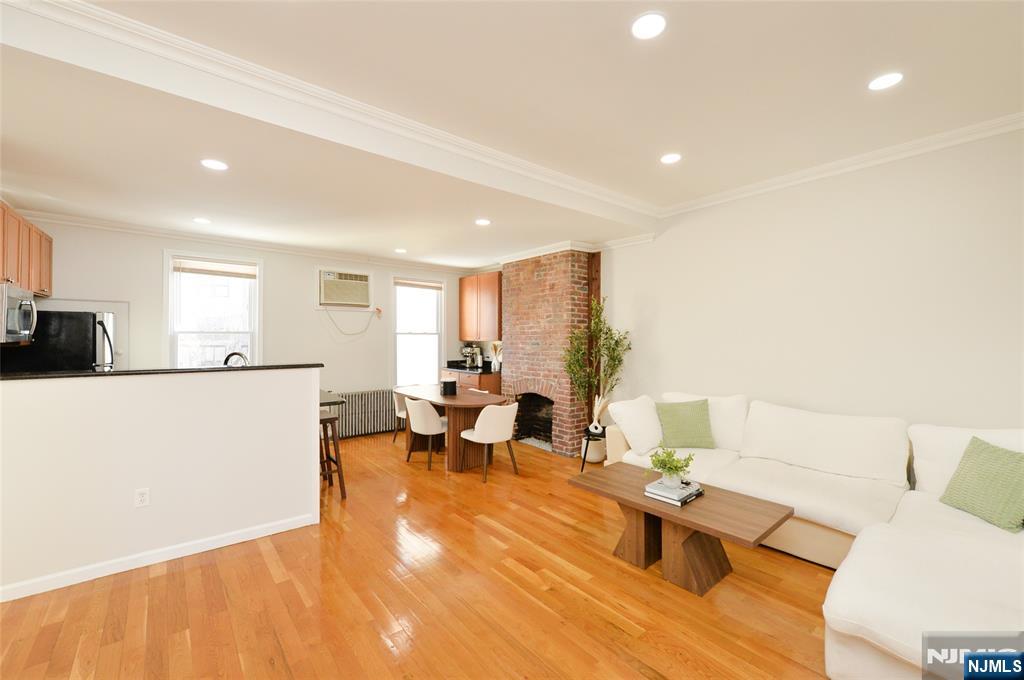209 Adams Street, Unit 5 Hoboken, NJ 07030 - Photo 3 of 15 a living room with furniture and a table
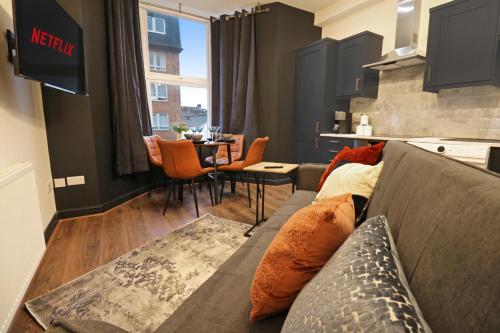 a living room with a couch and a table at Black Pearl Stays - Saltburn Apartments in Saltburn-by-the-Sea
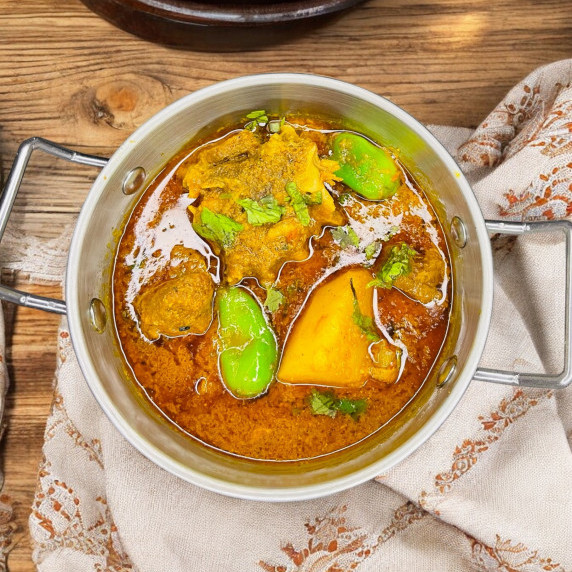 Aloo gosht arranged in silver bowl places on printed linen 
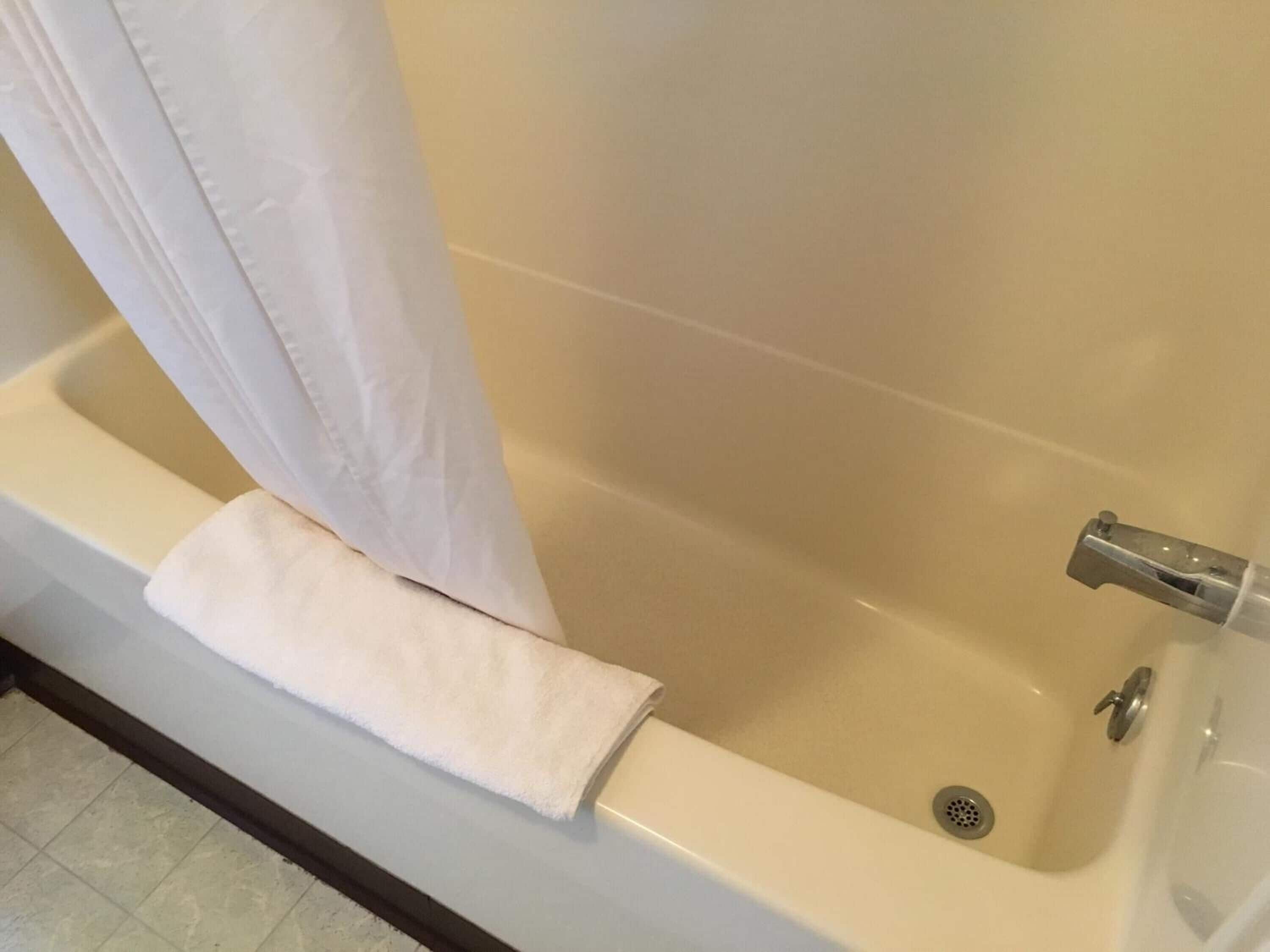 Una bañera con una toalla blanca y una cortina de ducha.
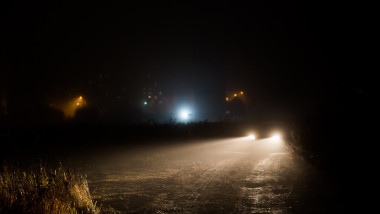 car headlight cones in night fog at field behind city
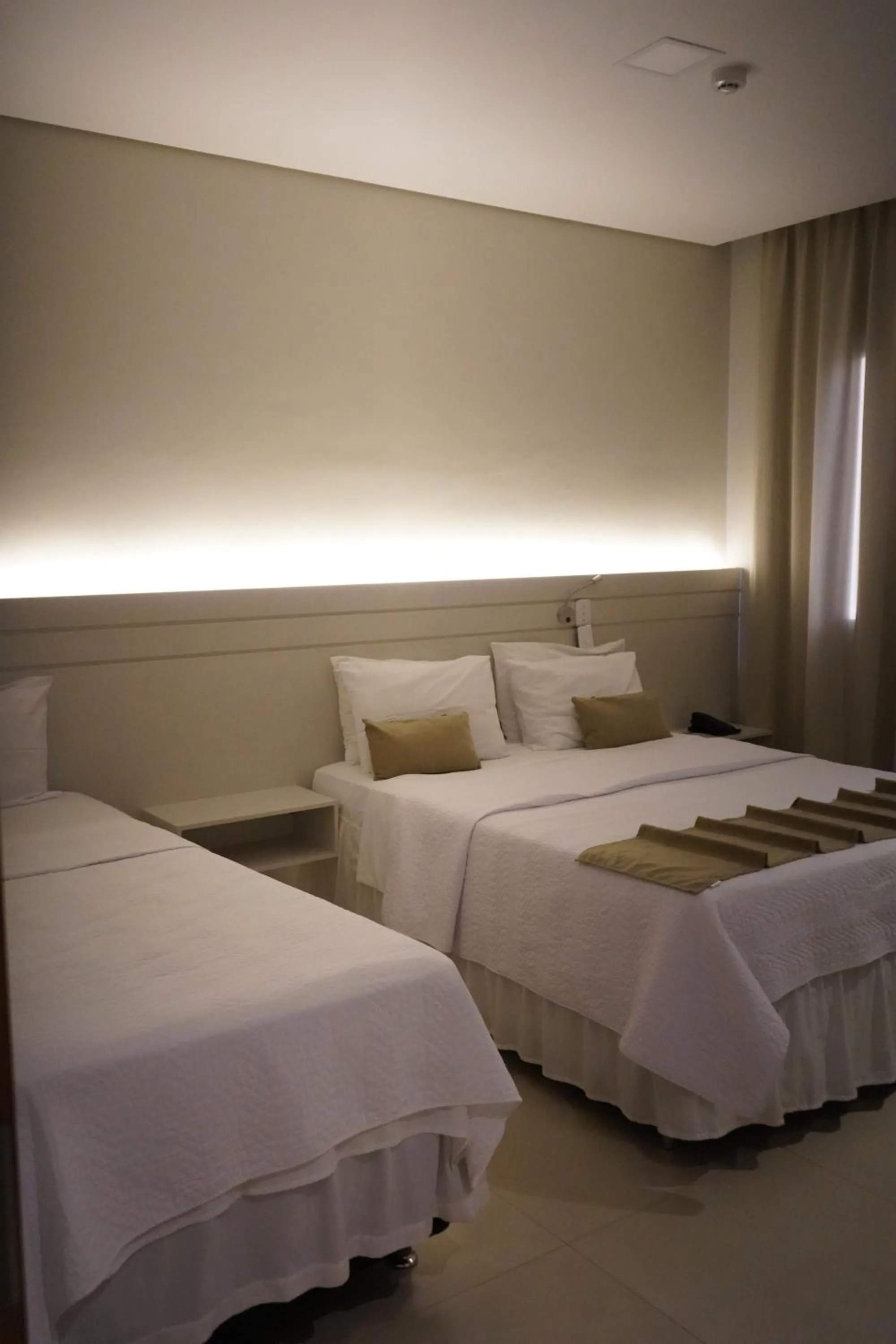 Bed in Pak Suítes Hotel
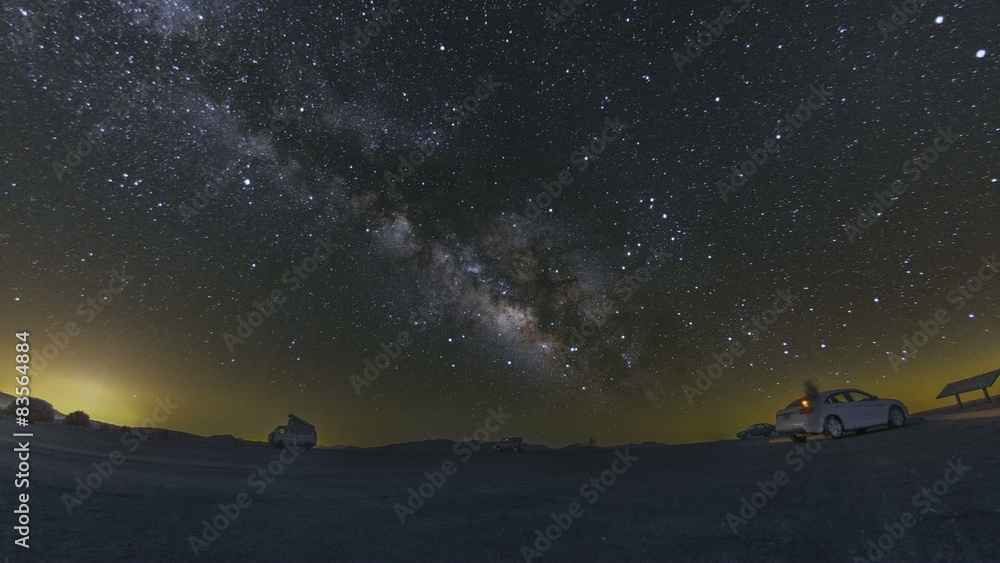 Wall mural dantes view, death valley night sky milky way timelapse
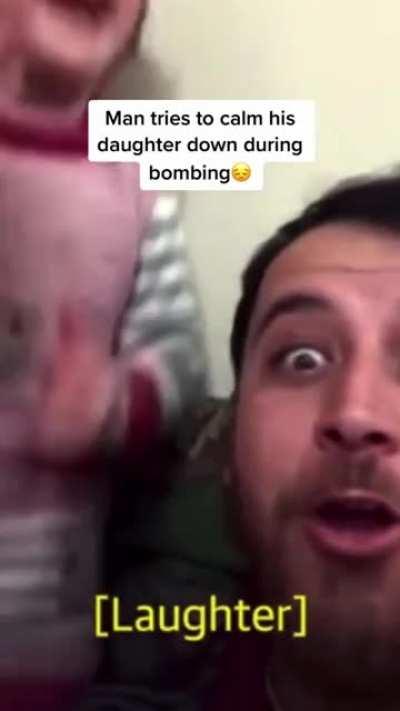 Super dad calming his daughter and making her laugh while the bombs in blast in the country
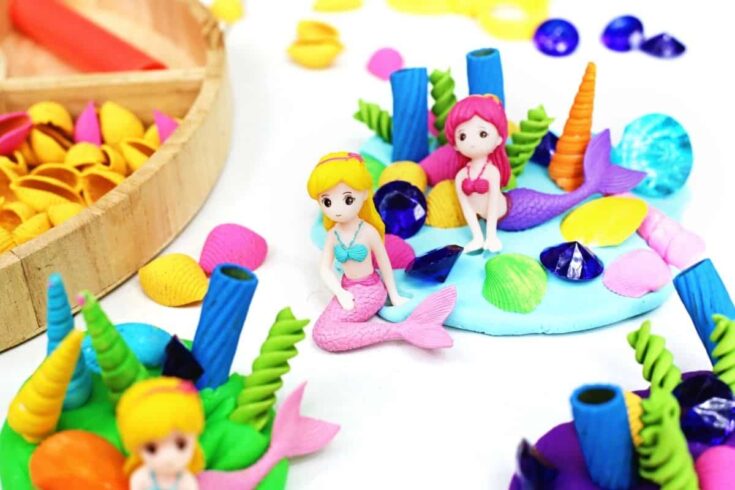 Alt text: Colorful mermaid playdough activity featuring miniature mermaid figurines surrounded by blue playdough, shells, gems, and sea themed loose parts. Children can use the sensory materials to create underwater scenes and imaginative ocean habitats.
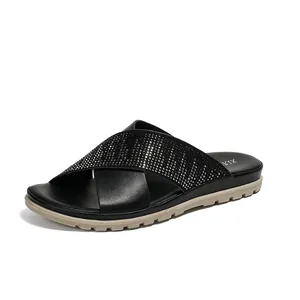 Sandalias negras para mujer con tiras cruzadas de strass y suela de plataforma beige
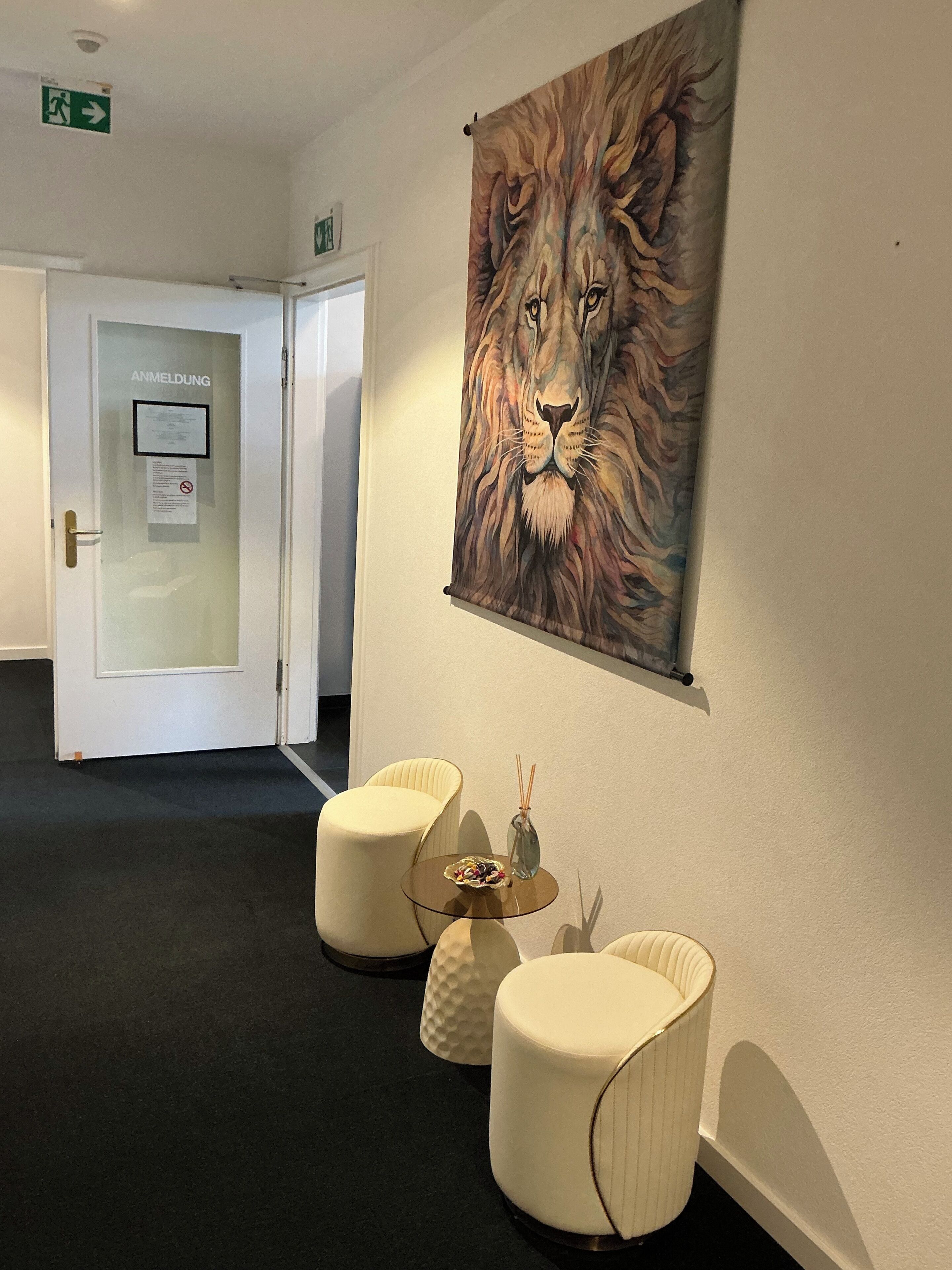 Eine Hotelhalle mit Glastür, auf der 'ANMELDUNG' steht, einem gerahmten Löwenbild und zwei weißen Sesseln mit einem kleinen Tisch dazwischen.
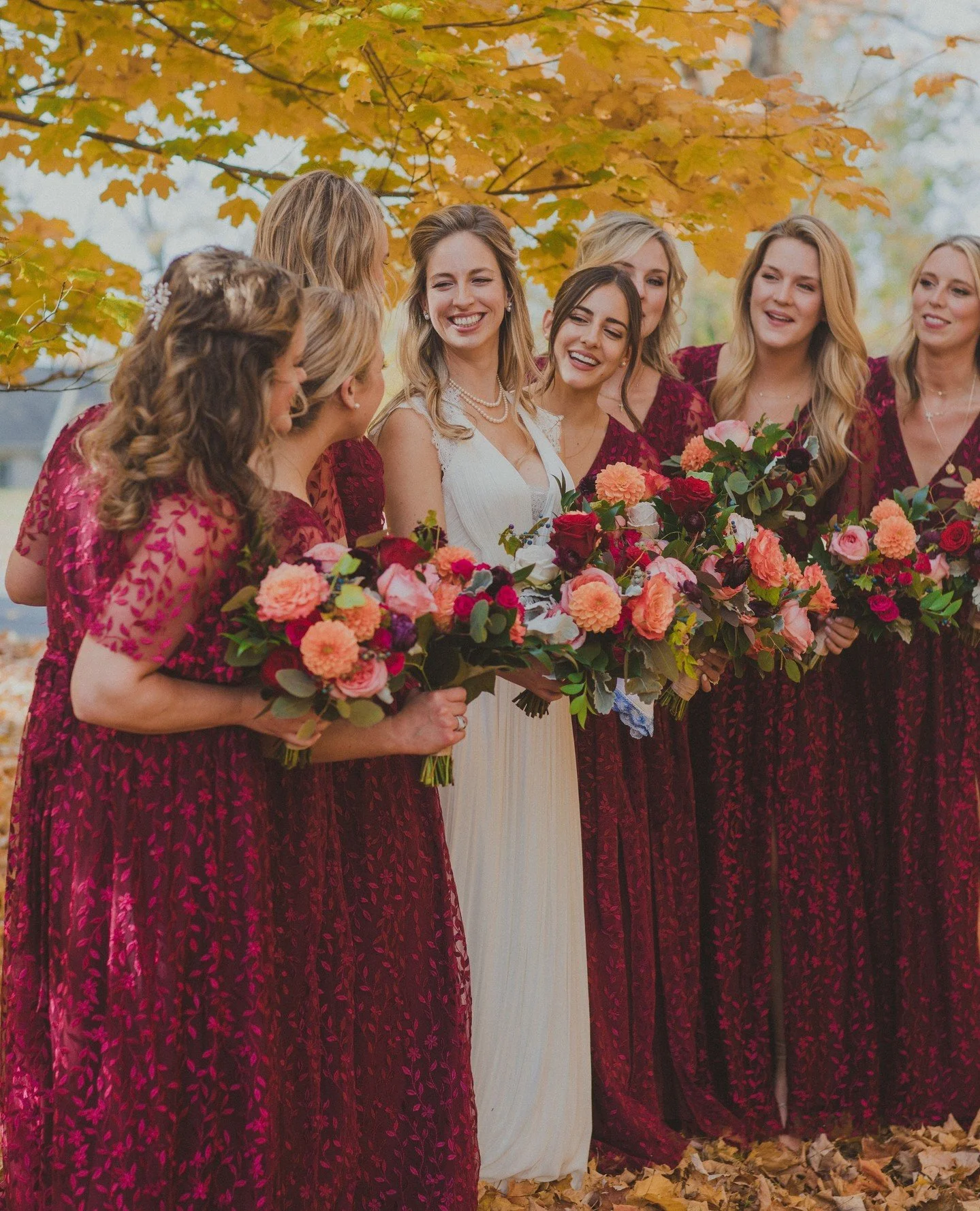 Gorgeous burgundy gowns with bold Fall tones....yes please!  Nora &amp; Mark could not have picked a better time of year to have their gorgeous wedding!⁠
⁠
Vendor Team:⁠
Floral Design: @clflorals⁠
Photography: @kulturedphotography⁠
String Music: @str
──────────────────────────────
- Task
Beginning with the line holding "a living room with a" in the material above, restate word for word each line through the line holding "Alt text: Colorful", and exclude pictures.

- Output of the exercise
 a living room with a couch and a table at Black Pearl Stays - Saltburn Apartments in Saltburn-by-the-Sea
 Aloo gosht arranged in silver bowl places on printed linen 
 Una bañera con una toalla blanca y una cortina de ducha.
 car headlight cones in night fog at field behind city
 Bed in Pak Suítes Hotel
 Wall mural dantes view, death valley night sky milky way timelapse
 Super dad calming his daughter and making her laugh while the bombs in blast in the country
 Alt text: Colorful mermaid playdough activity featuring miniature mermaid figurines surrounded by blue playdough, shells, gems, and sea themed loose parts. Children can use the sensory materials to create underwater scenes and imaginative ocean habitats.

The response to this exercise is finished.